THE VIRGINIAN-PILOT Copyright (c) 1996, Landmark Communications, Inc. DATE: Sunday, May 5, 1996 TAG: 9605020192 SECTION: CAROLINA COAST PAGE: 32 EDITION: FINAL TYPE: Editorial SOURCE: Ronald L. Speer LENGTH: Medium: 73 lines
Towns and cities on the sea have always seemed a little friendlier than inland outposts.
Strangers have been sailing around Ocracoke and Hatteras and Wanchese and Manteo since the 16th century. when native Americans were still in charge.
As the coastal communities developed, outsiders kept coming: Fishermen from the north and south, ocean travelers, traders and pirates, military folks on warships, tourists.

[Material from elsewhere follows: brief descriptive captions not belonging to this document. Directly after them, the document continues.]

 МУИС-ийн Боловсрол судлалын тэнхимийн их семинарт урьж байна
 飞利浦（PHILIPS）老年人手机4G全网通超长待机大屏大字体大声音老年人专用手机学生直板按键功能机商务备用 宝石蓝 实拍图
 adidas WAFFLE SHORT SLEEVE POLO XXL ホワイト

Their odd customs and costumes and their foreign tongues didn't startle the settlers who themselves had come to the promised land as strangers.
In communities on the mainland, an oddly dressed visitor, a stranger speaking a different language, a worshipper of a different god was often frightening.

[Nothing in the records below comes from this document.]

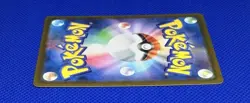 Pokemon Card Simisear VSTAR 214/172 S12a: Vstar Universe SAR Japanese - Image 3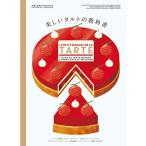 美しいタルトの教科書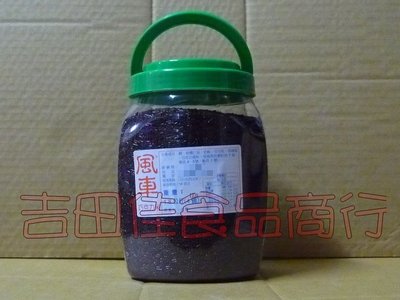 [吉田佳]B17201，巧克力米(1.8kg)，另售耐烤水滴巧克力豆，彩色巧克力米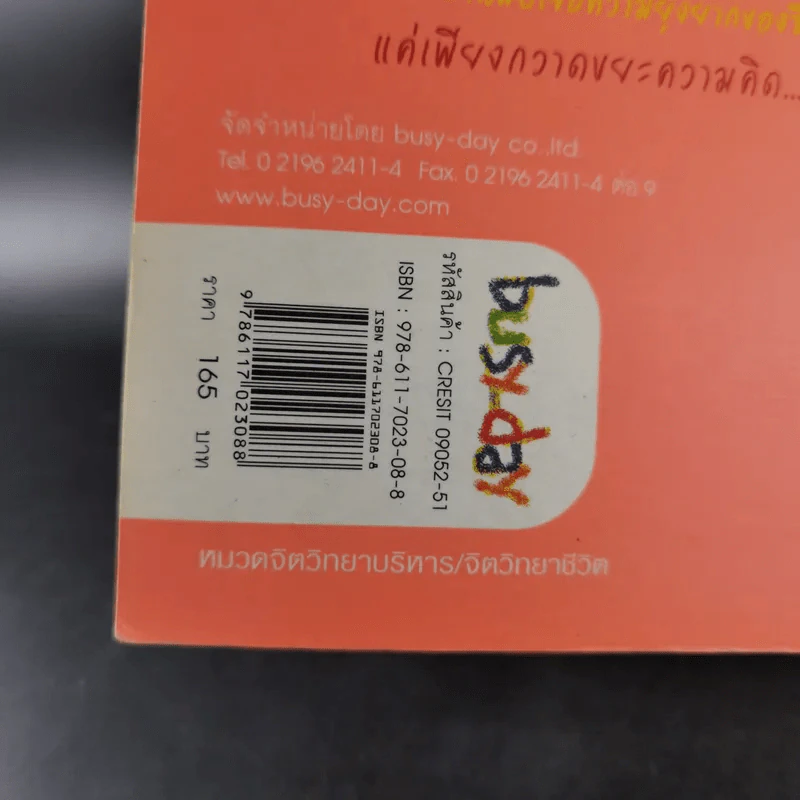 กวาดขยะความคิด​ ชีวิต​ก็ยิ้มได้​ Cresitive Thinking​ รูปที่ 3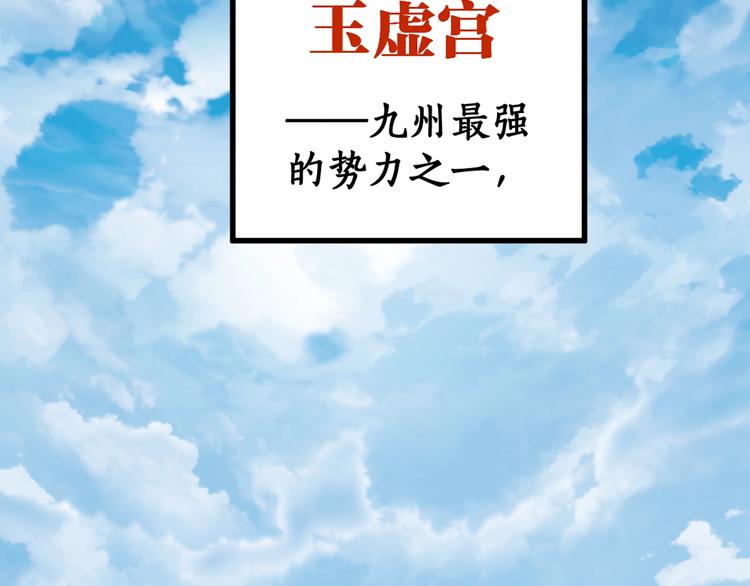 第72话 红烧苍狼王？？？254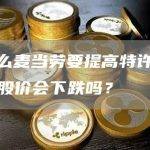 为什么麦当劳要提高特许经营费，股价会下跌吗？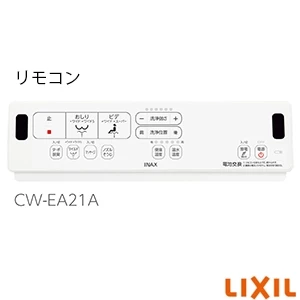 BC-Z30P+DT-Z380+CW-EA21A アメージュ便器+シャワートイレ パッソ [壁排水][排水芯120mm][手洗い付き]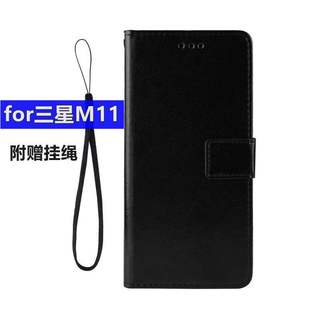 挂绳防摔M111磁扣皮套 翻盖式 适用三星galaxy m11手机壳插卡钱包式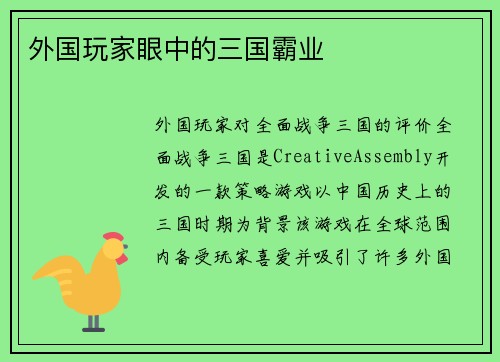 外国玩家眼中的三国霸业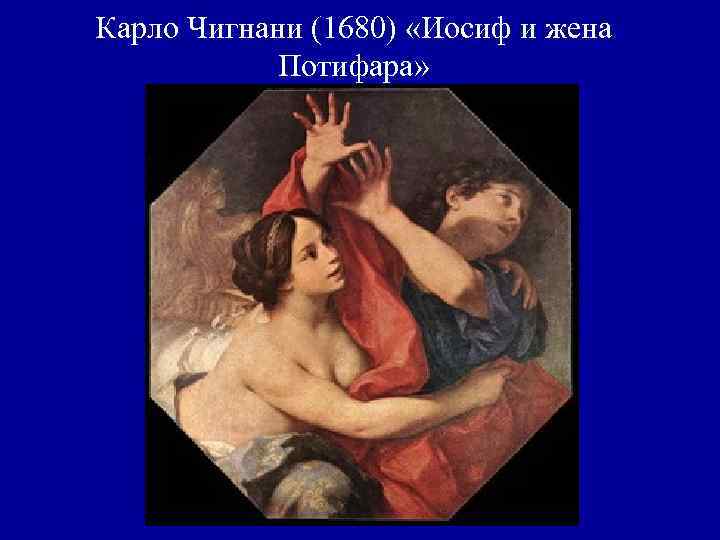 Карло Чигнани (1680) «Иосиф и жена Потифара»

But in areas like the Outer Banks, outsiders were welcomed as long as they brought money, and as today's Coast cover story points out, come-heres by the thousands have settled on the islands for good.
I'm perhaps typical. For 17 years I visited three or four times a year, and then moved to Manteo for good two years ago this week.

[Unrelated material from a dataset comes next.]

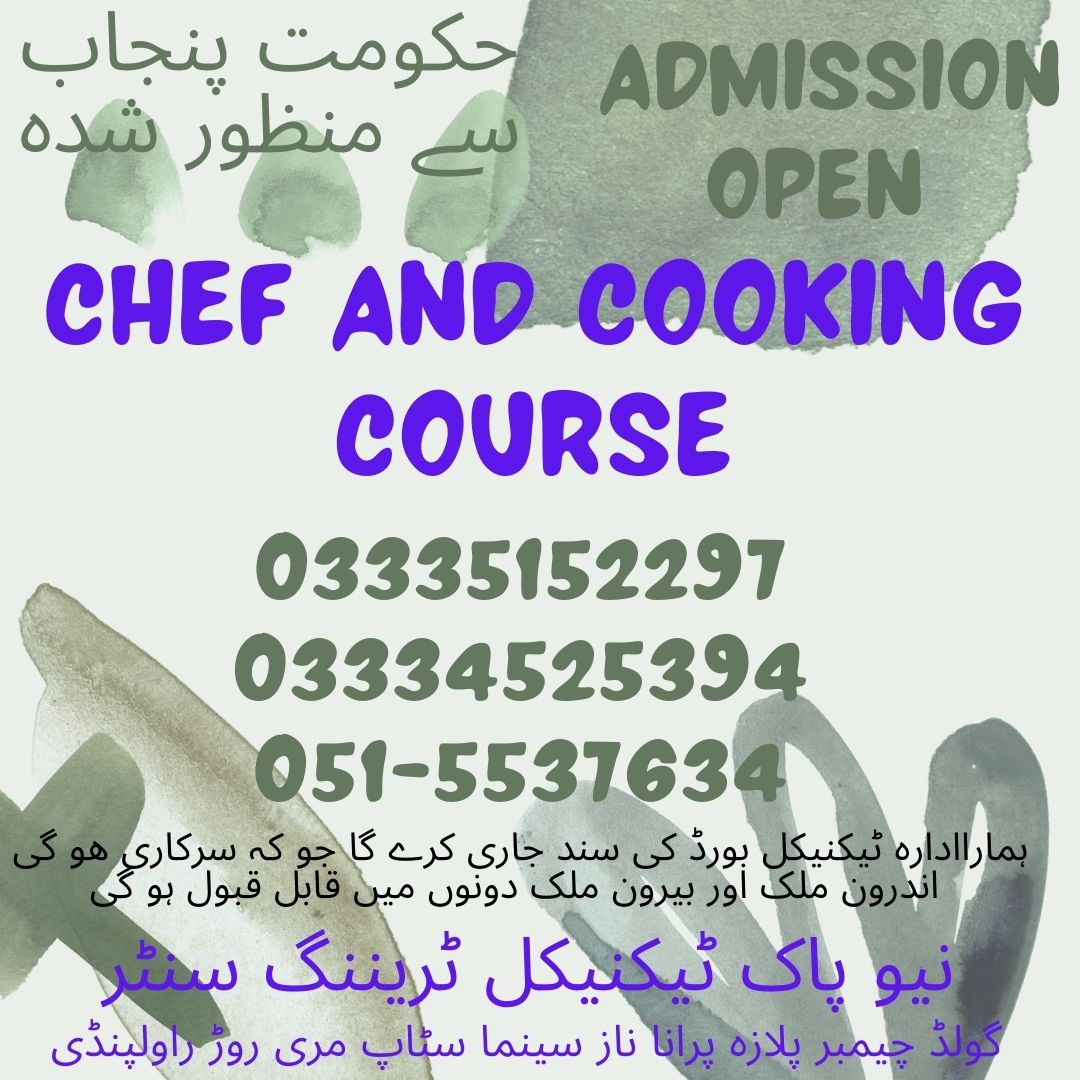 Chef and Cooking Course in Rawalpindi 2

As a country boy from Nebraska, I'm not a Yankee, yet I'll never be considered one of the locals.
But I don't feel like a stranger, and neither do most of the outsiders who have put down roots.
We live, I think, in sort of a halfway house, and our kids will, too, because the definition of a native is quite restrictive.
You have to have been born here, and some say that to really be a native you also have to have two sets of grandparents buried on the Outer Banks.
That doesn't mean we can't do our own things, because thousands of people who were fully grown long before they came have become leaders and power-brokers without the benefits of a long Outer Banks legacy.
But the jarring notes of a New Jerseyite can sometimes ruffle feathers of softer-speaking natives.
And the demands for change by many northerners as soon as they arrive can be upsetting to oldtimers who wonder why they came if they want to redo immediately the Outer Banks.
But the newcomers bring money and jobs and ideas that invigorate the area, and provide work for the people who have always been here.
``Our whole economy is based on northern trade,'' says R.V. ``Bobby'' Owens Jr., chairman of the Dare commissioners, who wants outsiders to feel welcome. Another oldtimer, Moon Tillett of Wanchese, says he gets along just fine with Yankee fishermen when he sails north or northern watermen come to Carolina.
``But they do talk real different,'' he says, which may surprise Yankees who have met Mr. Tillett and have tried to figure out what he's talking about in his Outer Banks brogue.
He and Owens and a number of other insiders have long enjoyed gathering in the morning over coffee to talk about just about anything, and sometimes make a deal.
Occasionally a few outsiders are allowed to sit in with the movers and shakers, who for years gathered at a diner in downtown Manteo.
Presiding over the coffee and the conversation has been Manteo's Marc Basnight, just one of the boys at the diner but known over the state as president pro tem of the North Carolina Senate.
But coffee and hot air don't pay the bills, and two weeks ago the diner closed. The coffee drinkers are in mourning, because they have no place to gather.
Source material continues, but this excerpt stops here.